The company was trying to target a more mature audience initially. It succeeded, Mr. Wadds says, although many younger drinkers are also buying the product.
London, Ont.-based Black Fly Beverage Co. designed its products well before the local craft curve – 11 years ago.
Rob Kelly, co-owner of the business, predicted a market opening for coolers at time when local, artisanal booze was in its infancy.
"I think we were fortunate we hit a time in the market where consumers were embracing local and independent," co-owner Cathy Siskind-Kelly says. "Because there's so much dominance in our LCBO with large global players, there's an excitement and interest in craft."
The pair designed one product: a fusion of cranberry juice and vodka, a beverage that would become Blackfly's top seller 11 years later. Now, it has 13 flavours and sells its products in every province, except Quebec, and four U.S. states. Last year, it sold 250,000 cases in Canada, Ms. Siskind-Kelly says.
"The idea that we brought to market was to evolve the cooler category and bring a craft Canadian product to market," she says. "What that meant to us was quality ingredients. We use real juices and cane sugar."
Currently, 18 per cent of the market share in the cooler category belongs to Palm Bay (owned by Anheuser-Busch InBev's Labatt Breweries), whereas Black Fly has about 6 per cent, says Stacee Roth, spirits director at the LCBO.

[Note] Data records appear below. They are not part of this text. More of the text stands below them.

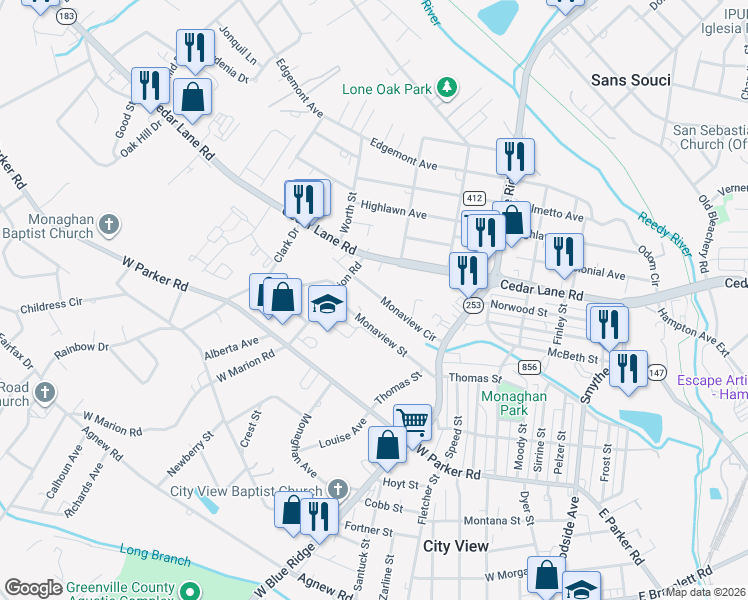 map of restaurants, bars, coffee shops, grocery stores, and more near 127 Monaview Circle in Greenville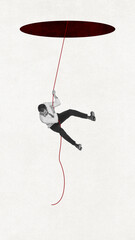 Contemporary artwork. Businessman hanging on thread, reaching professional success. Overcoming...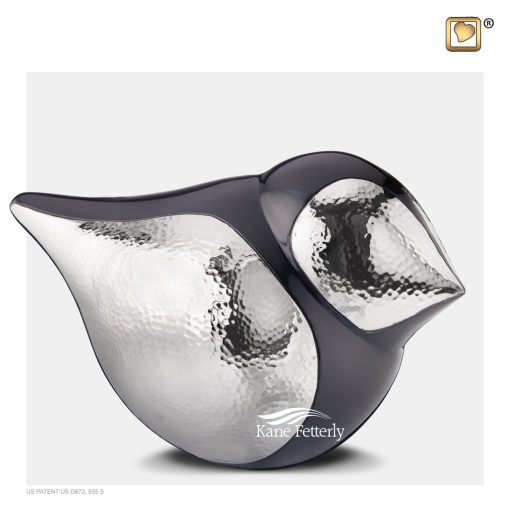 Black and silver bird urn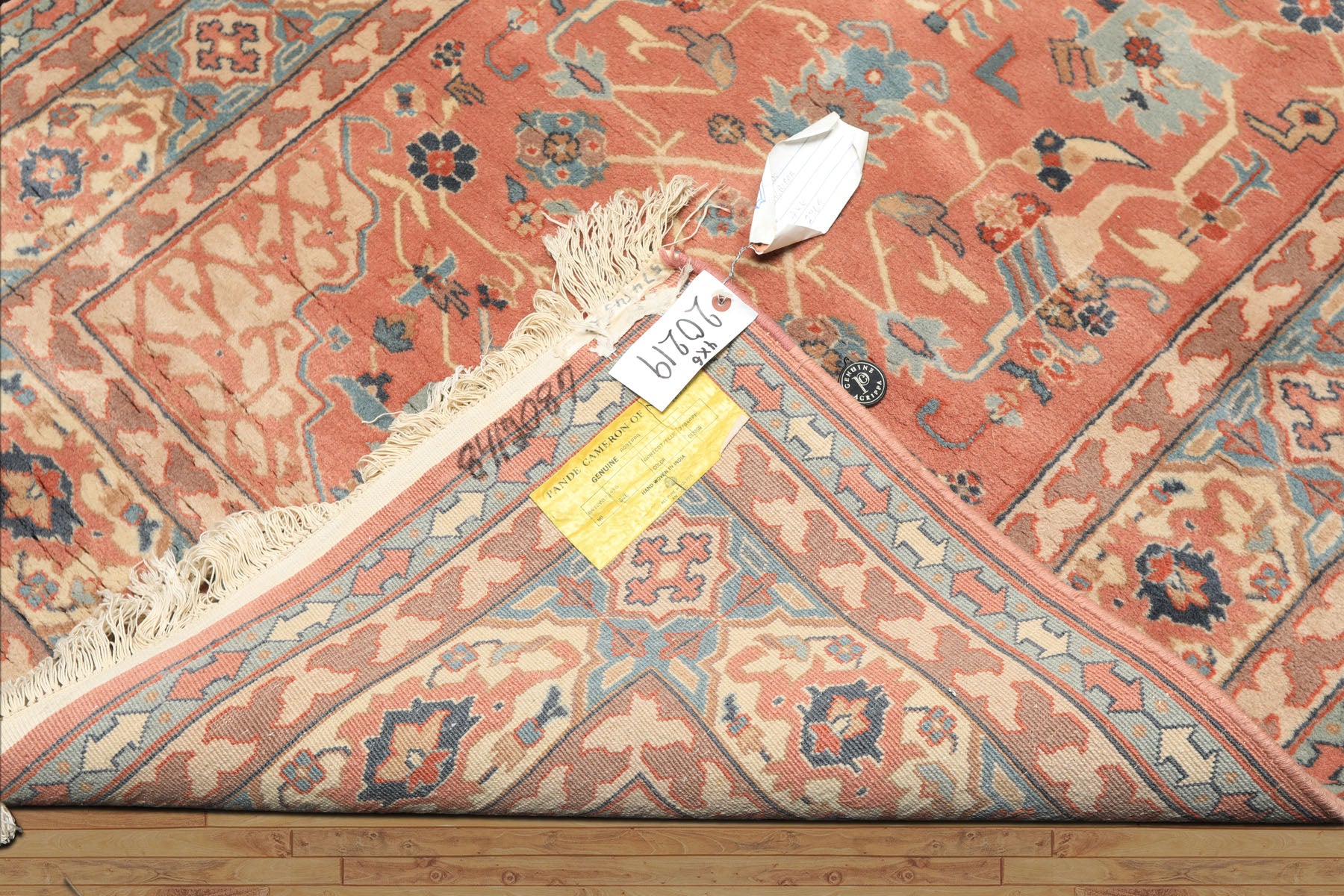 4x6 Blush, Turquoise, Beige Color Hand Knotted Heriz New Zealand Wool Traditional Oriental Rug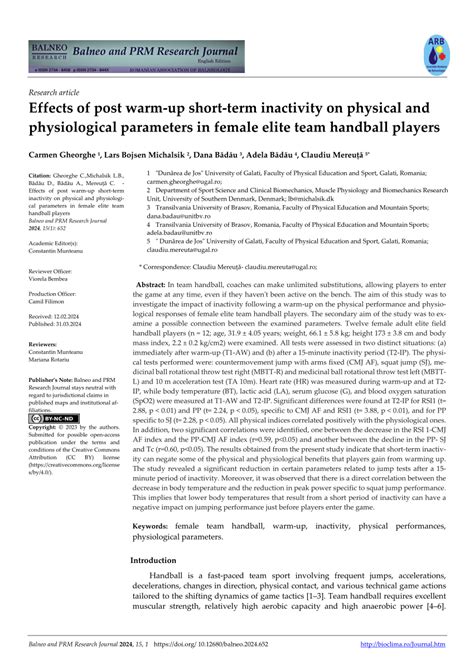 PDF Effects Of Post Warm Up Short Term Inactivity On Physical And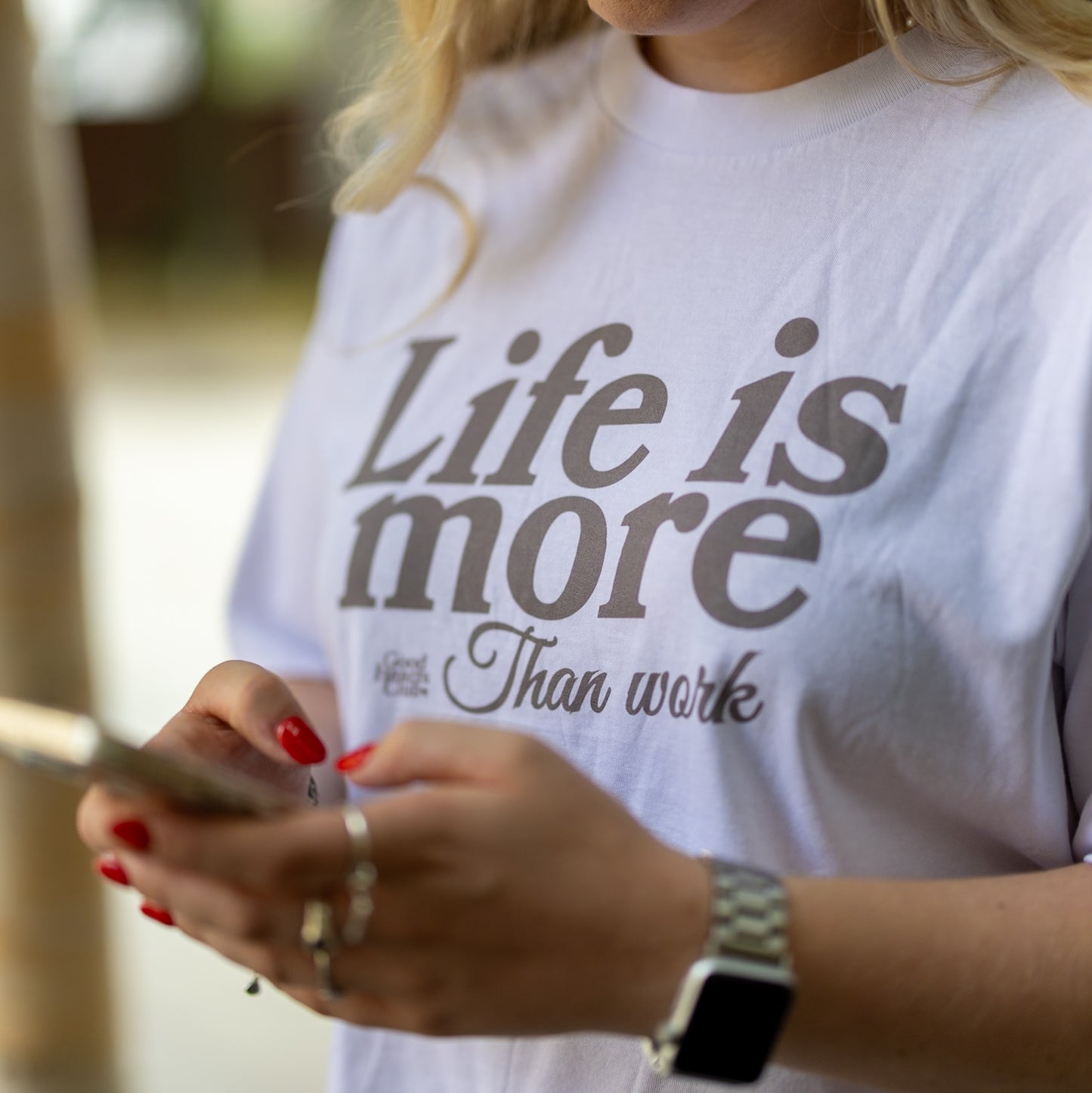Life is more than work Shortee female focused shorter boxie tee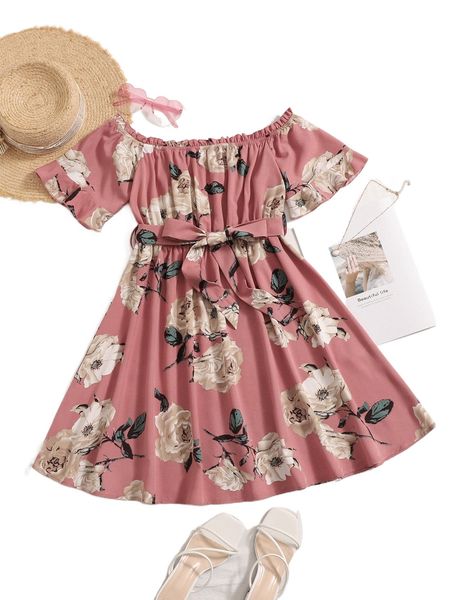 

floral print off shoulder belted dress 20k3#, Black;gray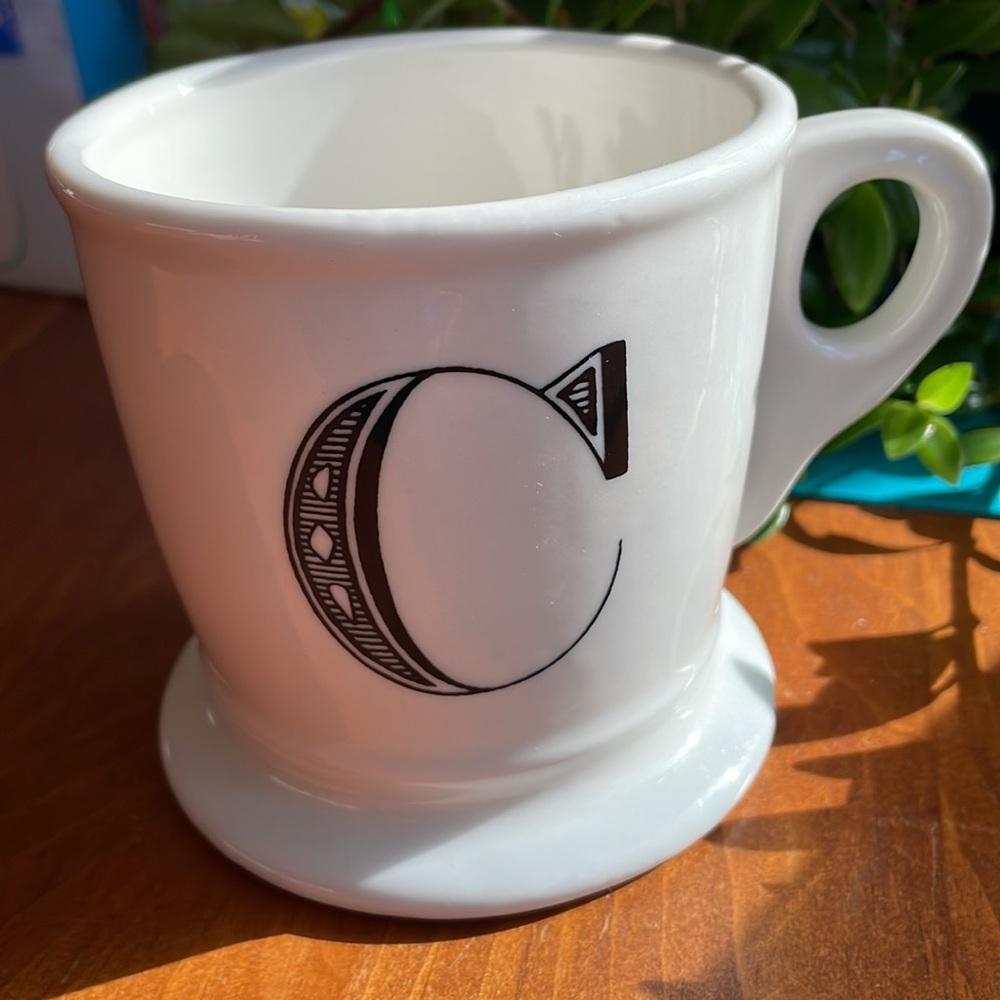 Anthropologie Coffee Mug "C" Initial Letter Monogram Shaving Mug 14oz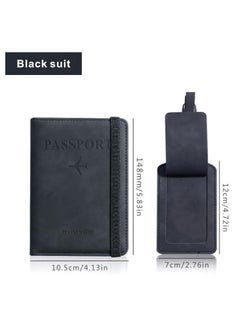 Generic Passport Wallets Travel Holder Set, Honeymoon travel Luggage Tags,Slim Passport Case Covers for Wedding Bridal Shower Gift Mr and Mrs Luggage Tags Couples Passport Holder Set (Black)  - Image 2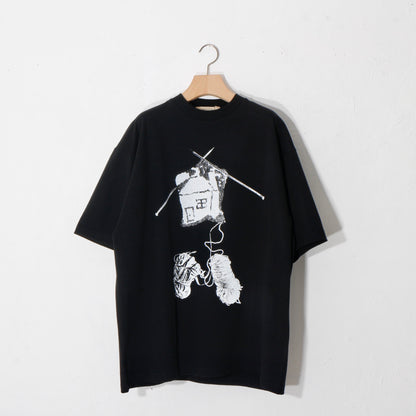 print T-shirt / knitting   / bk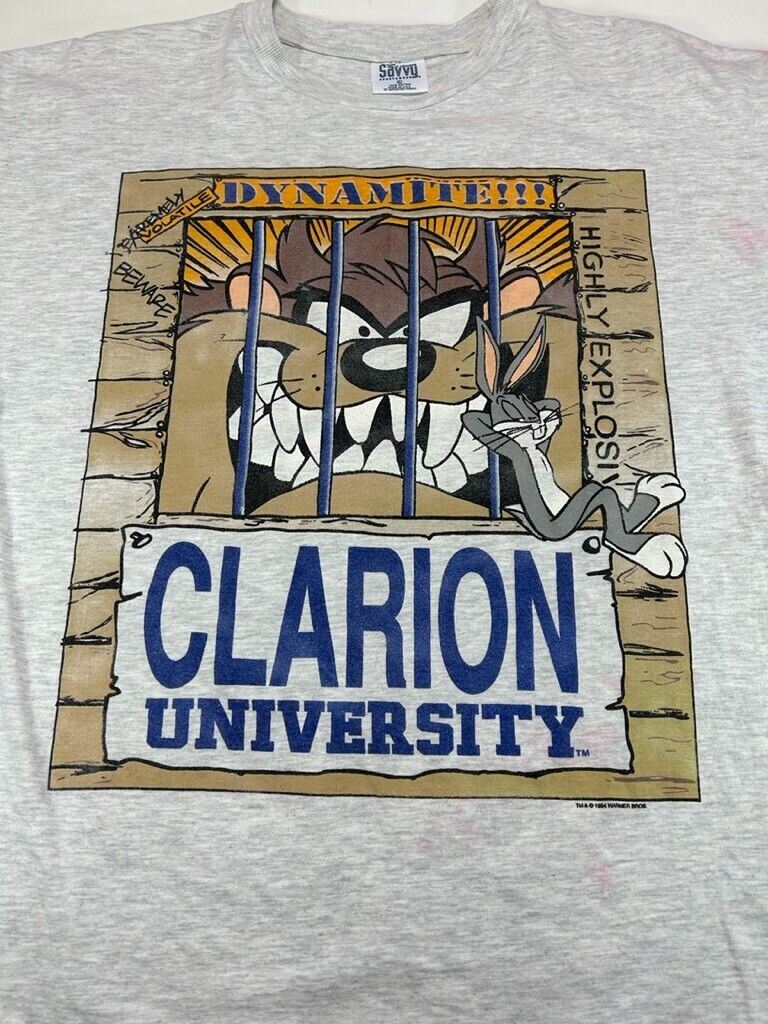 Vintage 1994 Clarion University NCAA Looney Tunes Taz Graphic T-Shirt Size XL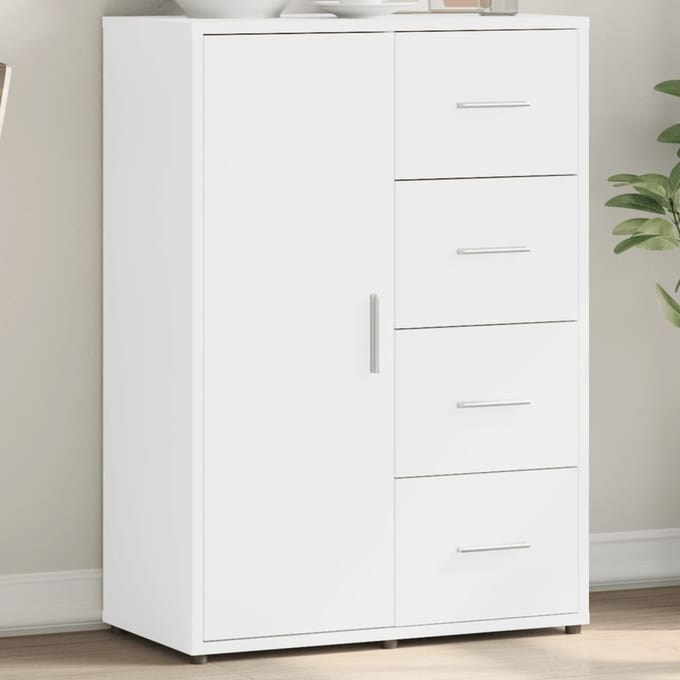 vidaXL - Dressoir - 60x31x84 - cm - bewerkt - hout - wit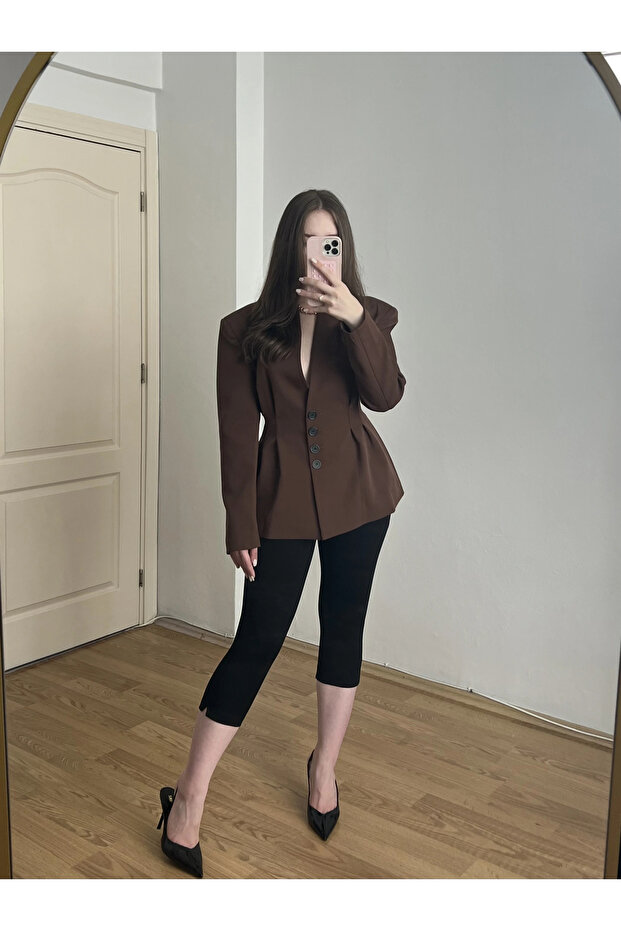 Çelik Örme Siyah Kapri Tayt - 5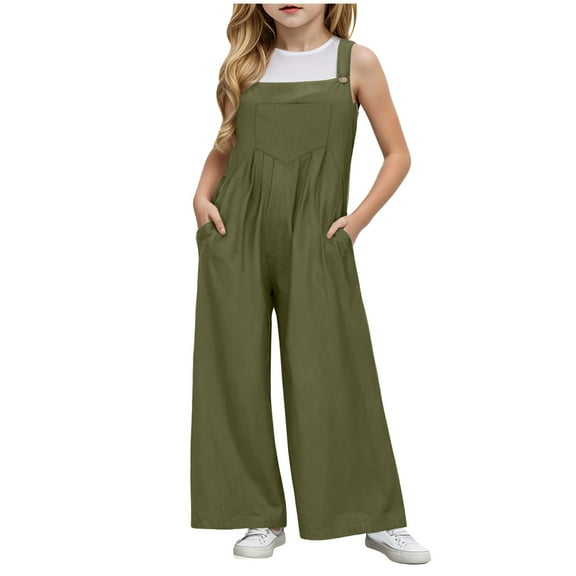Zanarzt Kids Jumpsuit Girls Jumpsuit Kids Fashion Sleeveless Wide Leg Romper One Piece Summer Outfits Green,7-8 Years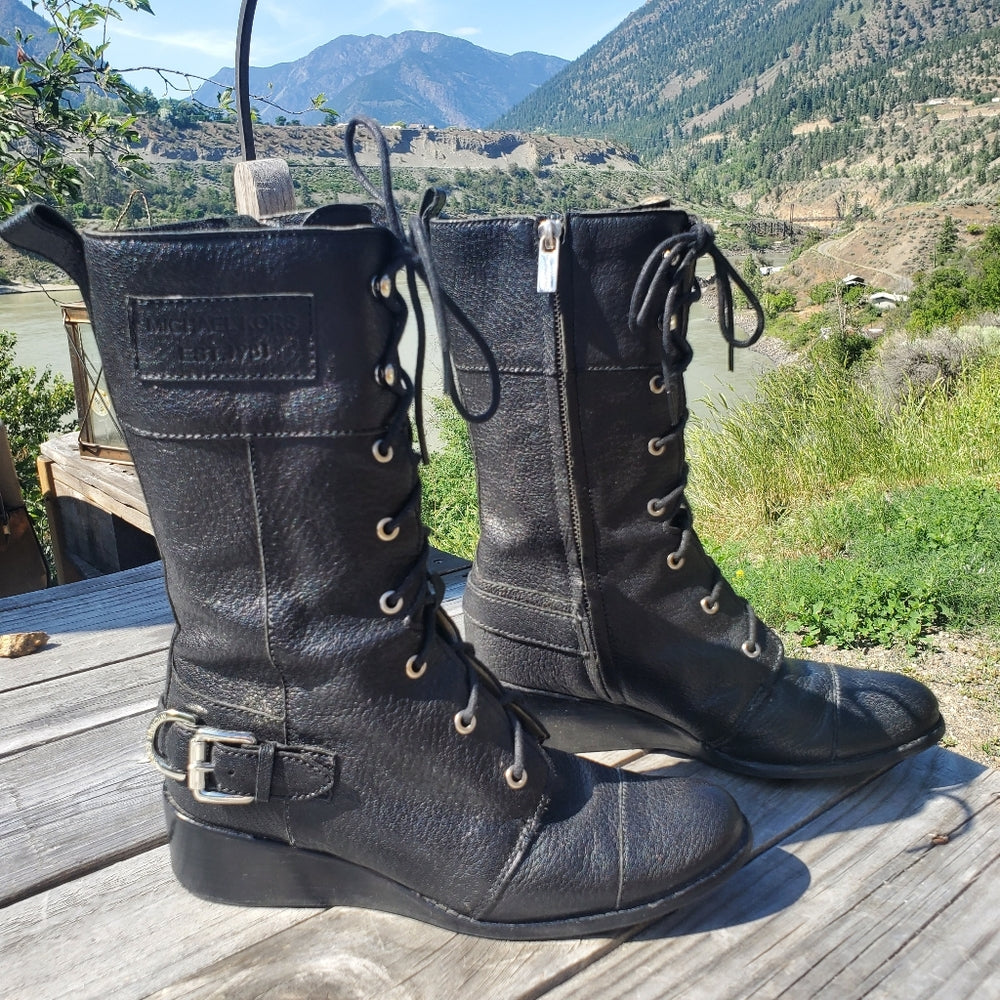 Michael Kors Leather Combat Boots with Buckle Detail - Size 6.5/7 in Excellent Condition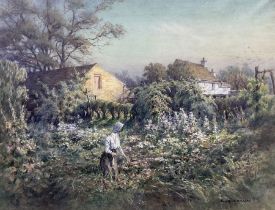 Alwyn Henry Holland (British 1861-1935): Young Woman in a Cottage Garden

During the 2012-13 fiscal year, Black Fly grew 84 per cent, she says; now it's expanding by 43 per cent annually. "They continue to see double-digit growth every year, which is significantly outpacing the rest of the category.
"We had to make sure we livened up the assortment within the brand," she says. "The reality of the ready-to-drink category is that customers are looking for newness all the time. Thirty per cent of our assortment changes every year. It's like the fashion business. It's a bit of a perfect storm, but they've [Black Fly] nailed it."
Social Lite Vodka is another company that has crafted something new– a cooler for health-bent individuals. It markets a sugarless and gluten-free beverage that is also self-reportedly "flying off the shelves."
"The category was invented in the eighties and since then has really been the same," says Neetu Godara, co-founder of the company. "It's been all about low-grade alcohol, high-sugar-content drinks. I think a new wave of innovation coupled with being local is really resonating with people and bringing people back into a category that they might have skipped before."
John Lindley, bar manager at the Harbord Room in Toronto, has been keeping tabs on the local craft market for years. He says the appetite for local spirits has indeed grown, including the cooler category.
"Everyone wants to be proud of their hometown, of course," Mr. Lindley says. "Torontonians are a little more curious about what it is they're drinking, and if you can put a story together with a locally produced spirit, then that just makes them even more curious."